Relationships matter more
When the star stockbroker Max Skinner (Russell Crowe's character) is asked when he last met / spoke with his Uncle Henry, he admits that he has not done so in years. In the process of making money and keeping ahead in the rat race of living, man is known to have lost touch with human kindness and the simple joys of living in communion with nature. But most disturbing is the fact that spurred on by the spirit of competition and the paramount attraction of big money, how easily young ones forget to include their parents or family elders in their frenetic schedules. Indian society is beginning to see it happen now and increasingly the senior citizens are relegated to a corner of the house or in their hometown. In India too this is becoming increasingly a social problem.

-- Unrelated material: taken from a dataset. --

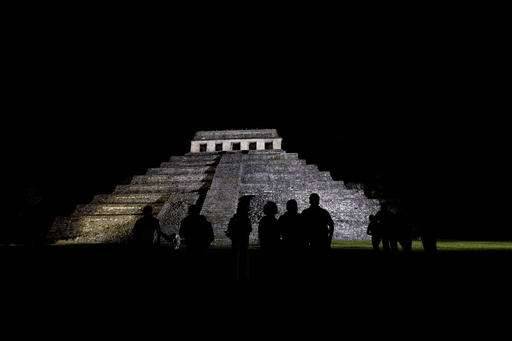 Mexico finds water tunnels under Pakal tomb porn pictures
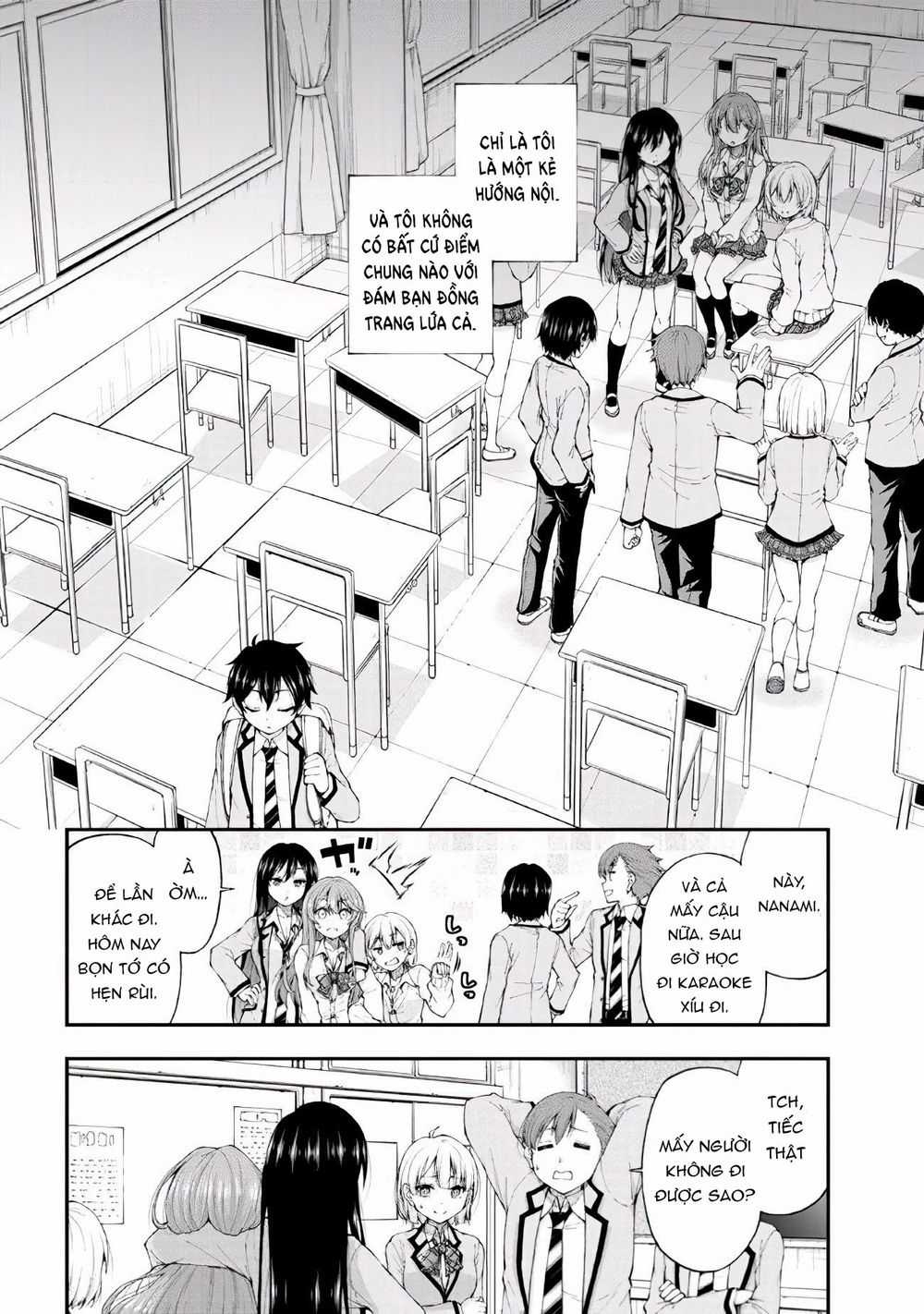 Nhỏ Gyaru Lẽ Ra Tỏ Tình Với Người U Ám Như Tôi Chỉ Vì Trò Chơi Trừng Phạt, Nhưng Dù Có Nhìn Kiểu Gì Thì Cổ Cũng Yêu Tôi Mà! Món quà ý nghĩa nhất cho người thân yêu Chapter 1.1 trang 5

Ridley Scott's A Good Year, opens with Max Skinner making a killing on the trading floor, but celebration time is cut short as he receives news that his Uncle Henry (Albert Finney) has passed away and that Max has inherited his estate and vineyards in Provence, France. His lucre driven mind makes him cross the Channel with one intent - selling the house. But a walk around the property and the house floods Max with warm memories of Uncle Henry and happy carefree days. A suspension from work forces him to spend a week in the house, during which period the caustic, callous Max rediscovers his lost soul-stirrings. His plans to sell the house are interrupted by the arrival of the American Christie (played by Crowe's fellow Australian Abbie Cornish), who purports to be Henry's illegitimate daughter.
The story of A Good Year is predictable and ordinary. But it is Ridley Scott's narration and treatment, which raises the film to an immensely relevant and viewable experience. Its realistic story line adapted from the novel by Peter Mayle is made even more enjoyable by class performances and superlative cinematography. In the opening sequence, Russell Crowe as Max Skinner comes through as a mean, thoughtless person, who is incapable of being gentle or kind. Crowe is superlative in the scene where he gets trapped in an empty swimming pool and tries to get out, and he does with a tinge of comedy. The softening of Max Skinner is made even more convincing as he falls in love with Fanny, the feisty café owner played by Marion Cotillard. The latter is an apt foil to Crowe. But the cherry on the cake is a heartwarming cameo by Albert Finney as Uncle Henry.
A Good Year is synonymous with Vintner's language, which describes a good wine. While for Max Skinner it's a year when he made a personal transition. When he starts letting people into his life and acknowledges the warm presence of Uncle Henry, then Max starts to bask in the warmth of the joys of simple living. The bottom line in the film is relationships matter more than making money.